The Texas governor’s office is defending Abbott’s handling of the Trump U case and denying that the &35,000 donation Trump gave to Abbott’s 2014 gubernatorial campaign was any sort of quid pro quo.
“The Texas Attorney Generals office investigated Trump U and its demands were met – Trump U was forced out of Texas and consumers were protected. It’s absurd to suggest any connection between a case that has been closed and a donation to Governor Abbott four years later,” Matt Hirsch, the governor’s communications director, said in a statement.
Friday afternoon the the Attorney General’s office, now led by Ken Paxton, also sent Owens a cease and desist letter alleging that the former staffer was sharing “privileged and private information from state records.” It said that since Owens served as a lawyer, he violated various laws relating to his responsibilities as a fiduciary.
“A lawyer shall not reveal a former client’s confidential information to anyone other than the client, the client’s representatives, or the employees of the layer’s law firm,” the letter said.
Owens responded to the letter in the Houston Chronicle over the weekend.
“I think the information I provided to the press was important and needed to be shared with the public,” he told the Chronicle, adding, “I stand by everything I have said, and everything I have said is true and correct.”
Additionally, Morales, the deputy attorney general for civil litigation at the time, said that it was his decision, not Abbott’s, to conclude the investigation the way it was.
“During that investigation and following subsequent demands for documents, Trump University agreed to temporarily suspended its Texas operations.

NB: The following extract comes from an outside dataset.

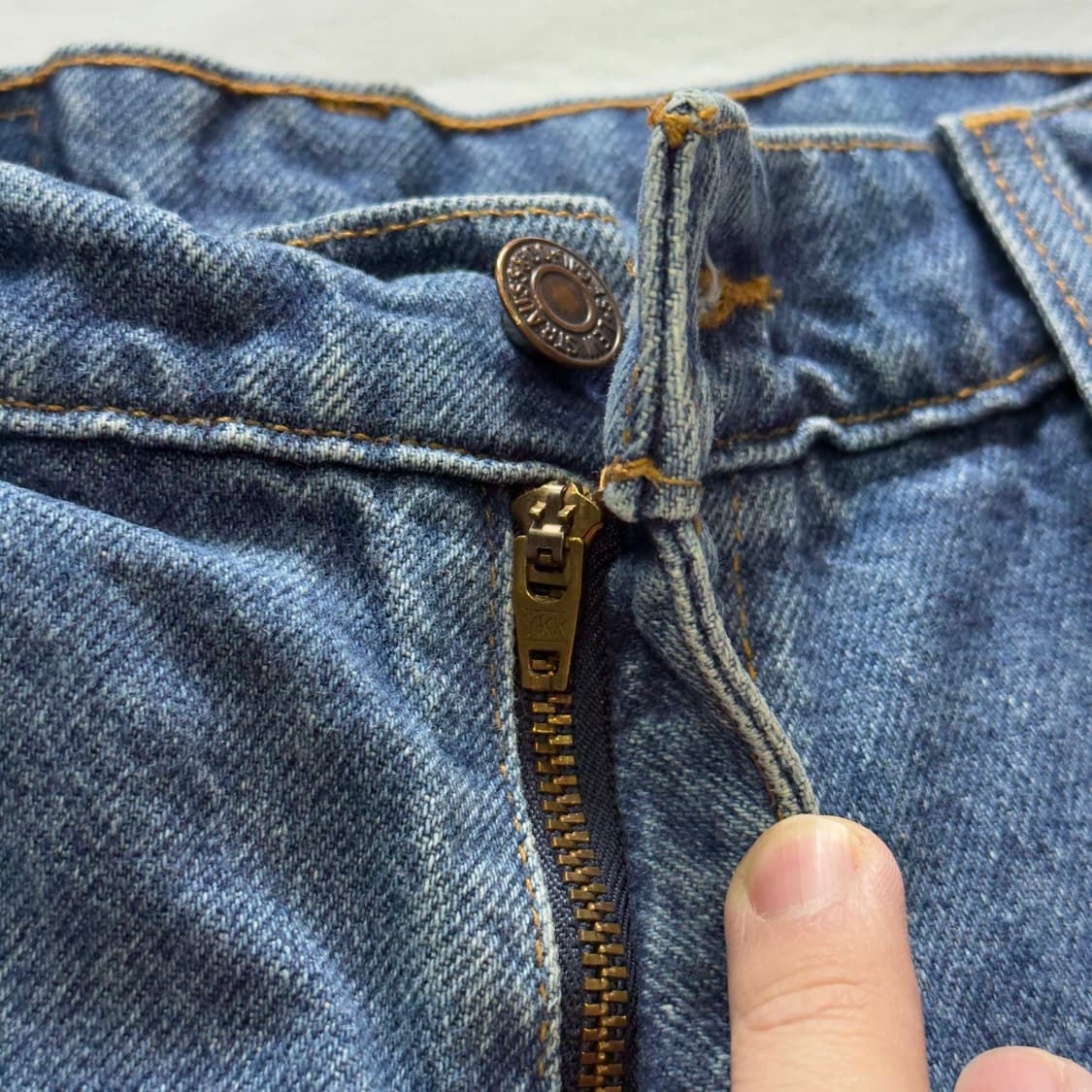 90s 리바이스 550 데님팬츠 W36 L30 상품이미지4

By May 2010, Trump University had agreed to permanently suspend of all operations in Texas,” Morales said in a letter to the editor submitted to the Dallas Morning News and Houston Chronicle. “That agreement to permanently and immediately leave Texas was, in my opinion, the most important element of resolving this investigation. It ensured that no further Texas citizens would be exposed to the company and it did not preclude those consumers who felt they wanted a refund to demand it from Trump University or in court.”

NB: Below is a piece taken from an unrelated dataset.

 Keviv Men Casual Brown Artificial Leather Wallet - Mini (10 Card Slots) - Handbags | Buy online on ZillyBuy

He added that he did not discuss the decision with Abbott until after it had been made. Owens said Morales had also contacted personally him last week to say the decision was his.
“They could have reversed him and the bottom line is, they can spin it all they want, they collectively made this decision,” Owens said. “They treated him differently because he is Donald Trump. They swept it under the rug.”

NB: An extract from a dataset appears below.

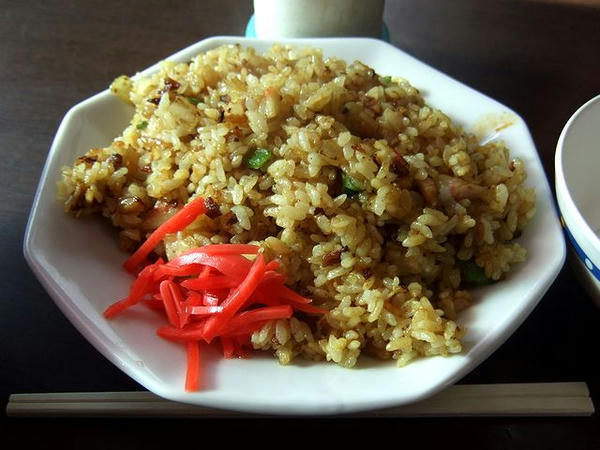 カレーチャーハン 650円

As for the argument that Abbott’s office chased Trump U out of Texas, Owens counters that the program had stopped its operations while the investigation was still ongoing, as Morales statement also hints. This is normally the case with investigations like the one into Trump U, Owens said, and at the very least they would usually end with a more formal injunction, in addition to a monetary settlement to pay back the consumers defrauded.
“Once they got our first subpoena, the first thing the lawyers said was, ‘Okay, we’ll stop doing business in Texas.’ That’s common. We didn’t do anything,” Owens said. “In no other case of this magnitude did we leave consumers with $2.6 million out-of-pocket, some of them their life savings, high and dry like this.”